Was bedeutet es nun, wenn ein Künstler wie Wolfgang Grinschgl die Physiognomie seines Gesichts aufbricht und verzerrt, sich selbst deformiert und in unheimlichen Mutationen begriffen darstellt? Geht es in diesen Arbeiten nur um die subjektive Darstellung eines Individuums oder auch um eine Abbildung unserer Zeit?
Grinschgl knüpft an das Frontalportrait der Renaissance an, das den Künstler in eine konfrontative Beziehung zum Betrachter setzt, doch ist der Spiegel der Selbstbetrachtung zerbrochen und wirft uns unzählige Versionen und fragmentarische Ansichten des Gesichts entgegen. So wie wir alle im gesellschaftlichen Miteinander verschiedene Masken tragen und unterschiedliche Selbstbilder entwickeln, entwirft Grinschgl nicht nur ein Bild von sich selbst, sondern zahllose.
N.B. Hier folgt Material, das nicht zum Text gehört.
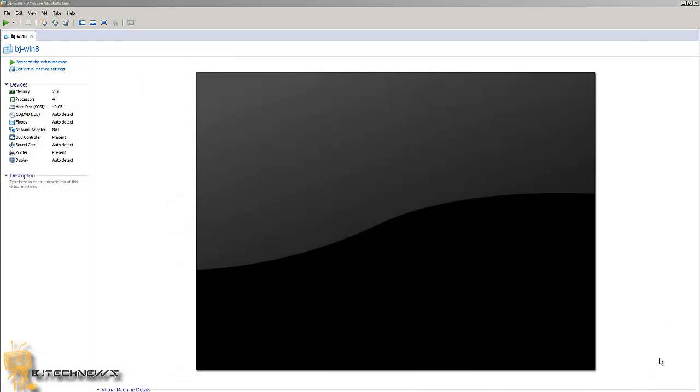Hey guys, welcome back. This is Bernardo from BJ Tech News. In this video I want to show you how to make that F8 key work for safe mode in Windows 8.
Zwischen seinem Gesicht und dem Blick des Betrachters führt er allerdings immer eine zusätzliche Schicht ein, eine Membran, die sein Angesicht wahlweise verdeckt oder vor dem unmittelbaren Blick des Betrachters schützt. Aus einer amorphen Farbmasse steigt weiß akzentuiert ein Gesicht als etwas Transitorisches auf, das vom Verschwinden des Subjekts und den Fragmentierungen der Identität kündet.
„Das Gesicht hat eine große Zukunft, aber nur, wenn es zerstört und aufgelöst wird.“ schreiben Gilles Deleuze und Felix Guattari über die Politik des Gesichts. Sie verstehen das Gesicht nicht mehr als natürliche Gegebenheit, sondern als Produkt einer kulturellen Entwicklung und somit als Ausdruck von Machtverhältnissen. Die vielen Gesichter von Wolfgang Grinschgl weisen Formen der Beeinträchtigung, Deformation und Auflösung auf, die im Sinne des offenen Kunstwerks durchaus als Spuren soziopolitischer Machtverhältnissen gelesen werden können.
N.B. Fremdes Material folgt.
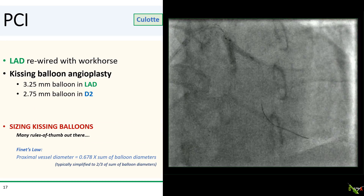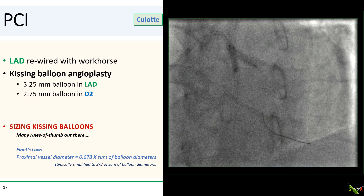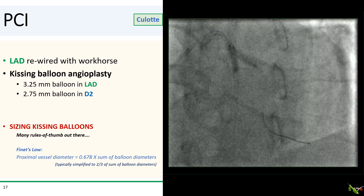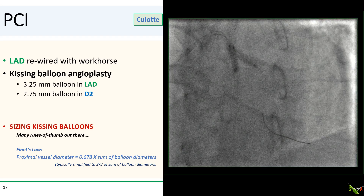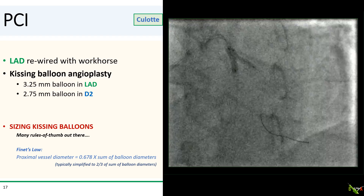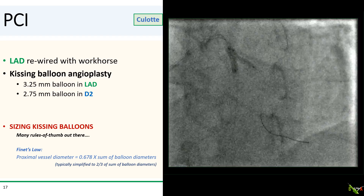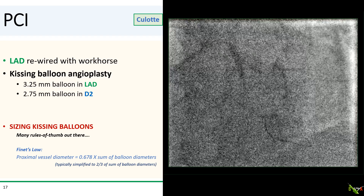After rewiring the LAD with a workhorse, we did kissing balloon angioplasty with a 3.25 mm balloon in the LAD and a 2.75 mm balloon in D2. How did we pick those sizes for the kissing balloons? There are many rules of thumb, but the most common one is probably the two-thirds rule, which is derived from Finet's law, which states that the proximal vessel diameter should be equal to 0.678 times the sum of the kissing balloon diameters. As 0.678 is simplified to two-thirds, hence the two-thirds rule.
Die Selbstporträts von Wolfgang Grinschgl sind Protokolle einer Auflösung, einer einsetzenden Auslöschung, in der die malerischen Akzentuierungen der dunklen Gesichtsöffnungen einen letzten Anhaltspunkt, einen letzten Widerstand gegen das Verschwinden darstellen.
Und es wirft uns die Frage entgegen, wie in einer posthumanen Welt eine Darstellung des Menschen überhaupt noch möglich ist.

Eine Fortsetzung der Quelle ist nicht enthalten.